The 1,092-foot flattop is the flagship of a nine-ship strike group that features upward of 60 aircraft and 7,000 personnel. Two of the group’s escorts, the destroyers USS Spruance and USS Pinckney, also are based in San Diego, the headquarters of the Third Fleet.
The aircraft now aboard the Lincoln come from Naval Air Station North Island, Marine Corps Air Station Miramar, and bases at Point Magu, Lemoore, located in the Central Valley and Whidbey Island, Washington.
The 37 year-old carrier is operating in Arabian Sea with a mix of F/A-18 multi-role fighter jets and new generation F-35C stealth fighters. Four years ago, Lincoln became the first carrier to deploy with F-35Cs. Both of these aircraft carry precision-guided air-to-air and air-to-ground missiles, giving the carrier range and power.
The strike-group also features six Arleigh-Burke-class destroyers, which are known as the workhorse of the Navy because they are so versatile.
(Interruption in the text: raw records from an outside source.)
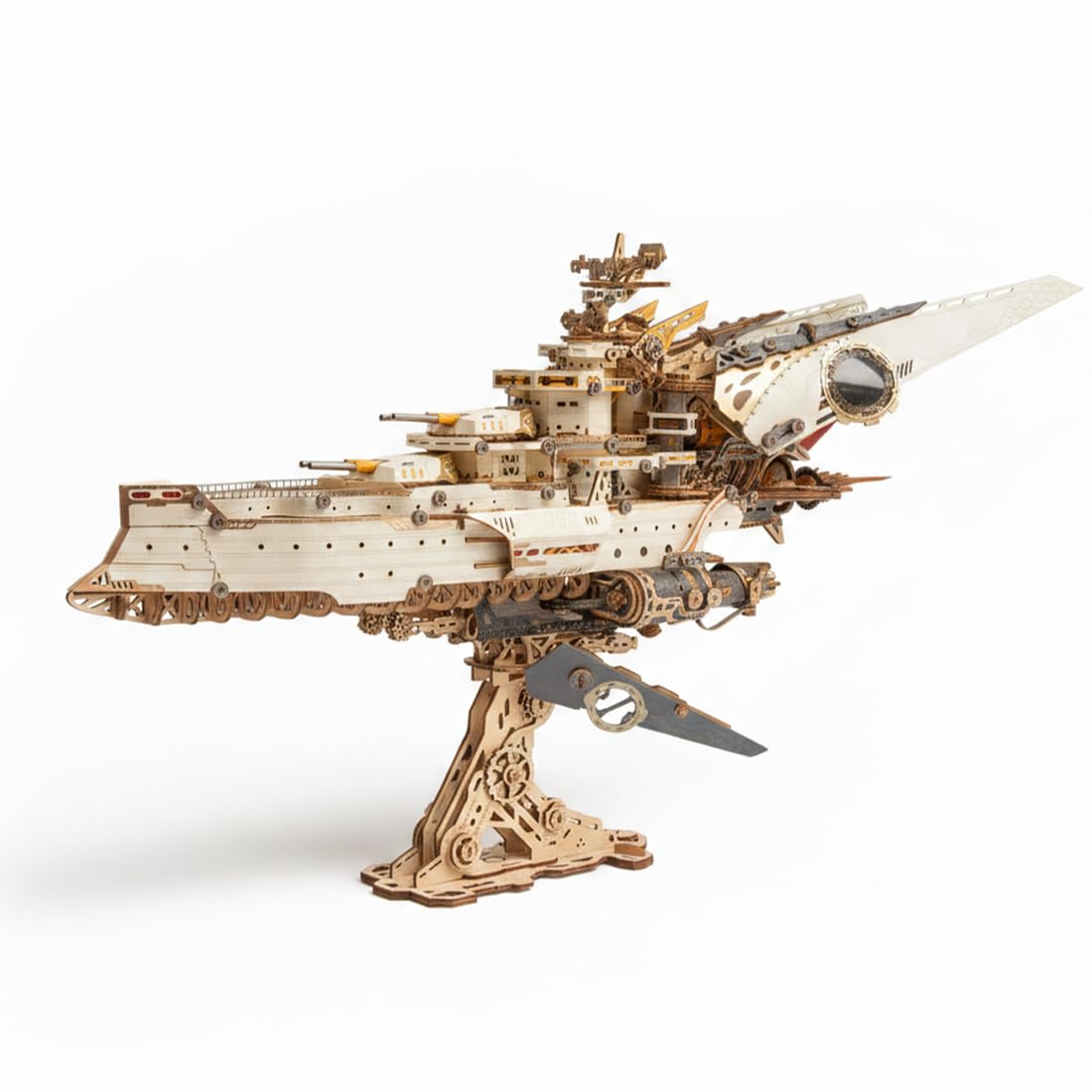 Dieselpunk Nave spaziale 3D in legno e carta, 912 pezzi, bianco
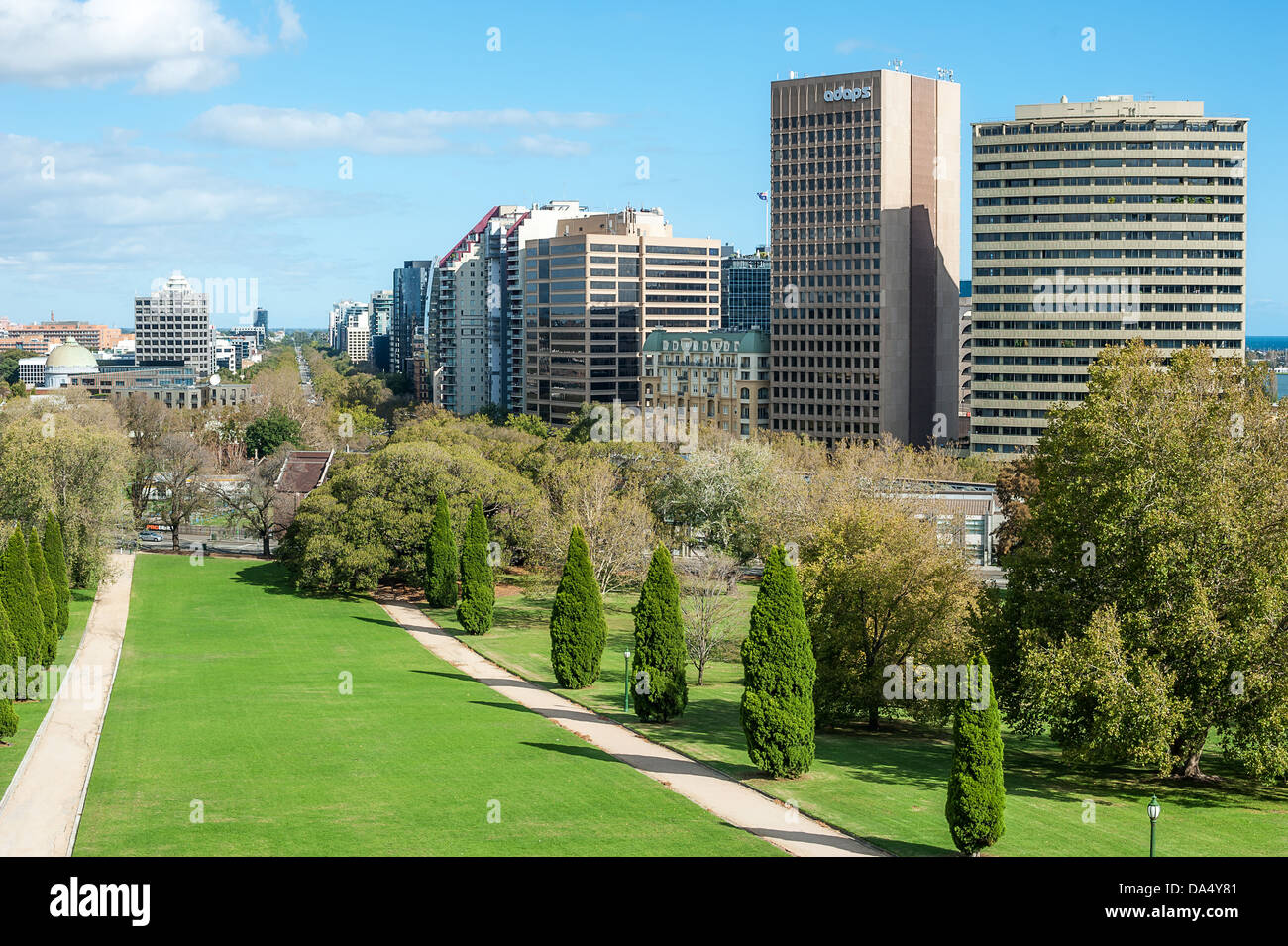 Blick nach Süden vom Kings Domain in der Innenstadt von Melbourne. Stockfoto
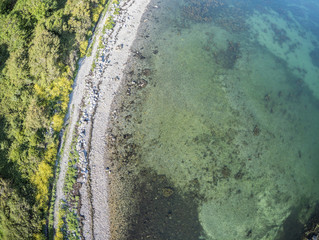 Aerial view of  a rocky beach in Galway bay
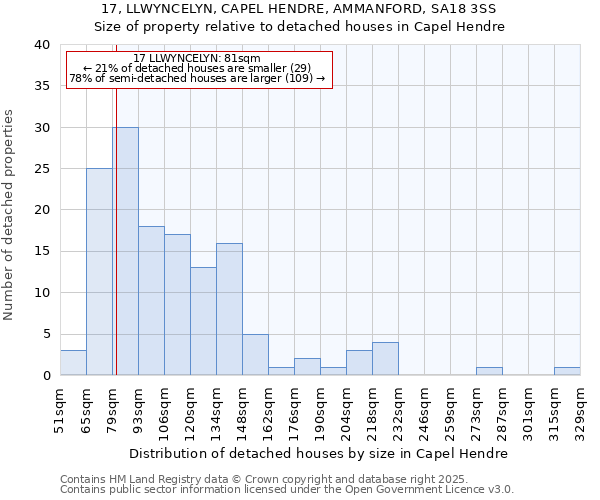 17, LLWYNCELYN, CAPEL HENDRE, AMMANFORD, SA18 3SS: Size of property relative to detached houses houses in Capel Hendre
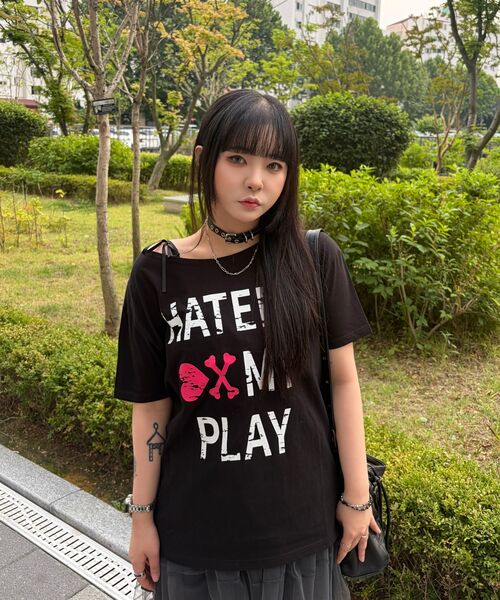 SLEEKGLOW（スリック グロウ）の「HATERS ワンショルダーTシャツ[ブラック]（Tシャツ/カットソー・レディース・その他・FREE）」の14枚目の写真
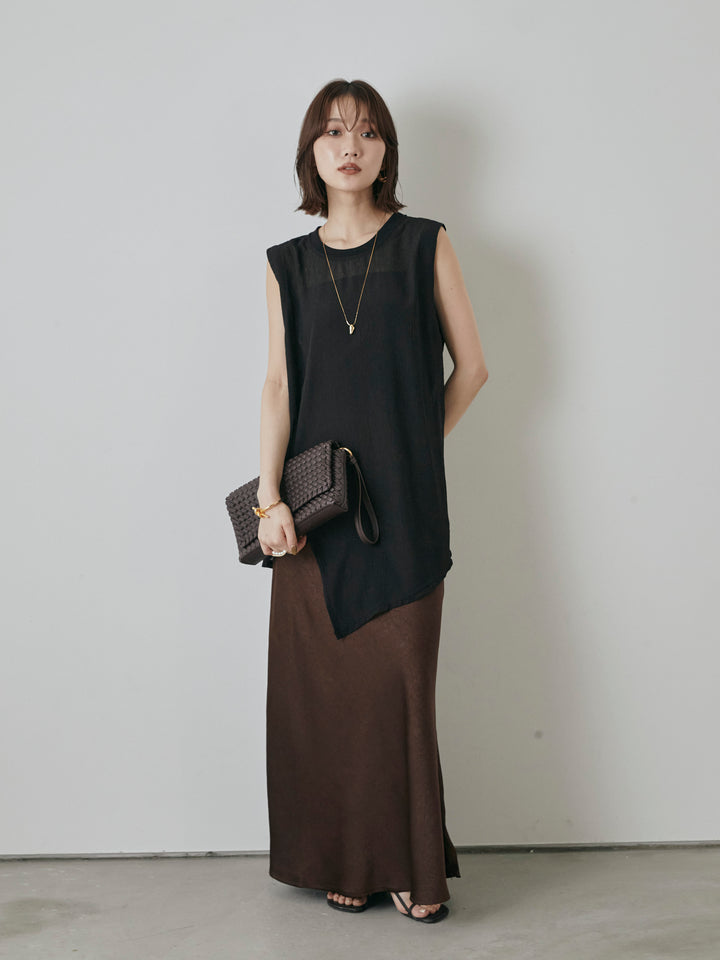 [予約]シアーワッシャーアシンメトリープルオーバー/ブラック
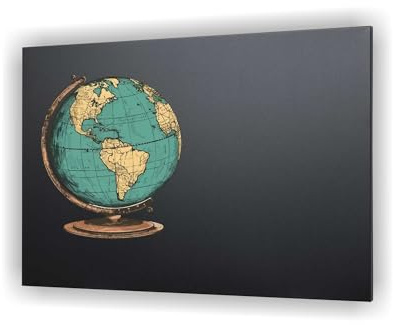 Canvasfly Magnettafel Tafel Kreidetafel Pinnwand Magnetisch Weißer Marker Montageschiene 90 x 60 cm Mit Motiv Globus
Burke destroyers stock Tomahawk cruise missiles, a weapon that became famous during Operation Desert Storm in 1991 because they were used so effectively by ships and submarines. Tomahawks were originally developed by the Convair division of General Dynamics in San Diego and some of the missiles can travel about 1,000 miles.
The destroyers are indispensable to the Navy but they lack the glamour of aircraft carriers, notably the Lincoln, which was commissioned in 1989 during the waning years of the Cold War.
Sailors on board the USS Abraham Lincoln (CVN-72) man the rails on their return to San Diego and NAS Coronado on Friday, Dec. 20, 2024, in Coronado, CA. (Nelvin C. Cepeda / The San Diego Union-Tribune)
The carrier became widely known in June 1991, during its first deployment, when it spearheaded a 23-ship armada that evacuated almost 45,000 people from Luzon Island in the Philippines following the eruption of Mount Pinatubo. It then traveled to the Persian Gulf and provided air support and reconnaissance after the main fighting had ended in Operation Desert Storm.
The Lincoln returned to the region several times in the 1990s to help enforce the no-fly zone over southern Iraq. And in March 2003 it helped lead the so-called “shock and awe” phase of Operation Iraqi Freedom, carrying out more than 2,300 combat missions. Two months later, President George W. Bush famously declared during a visit to the Lincoln that major combat operations had ended. But the conflict lasted, in various ways, for almost nine years.
The carrier — which many sailors call “Abe” — has deployed to the Middle East several times since 2019, mostly due to tensions with Iran.
The Lincoln left San Diego on its latest deployment in Nov. 2025. It was initially assigned to patrol the Indo-Pacific. President Donald Trump diverted the ship to the Middle East in mid-January due to rising tensions with Iran, which has refused to abandon its nuclear weapons program.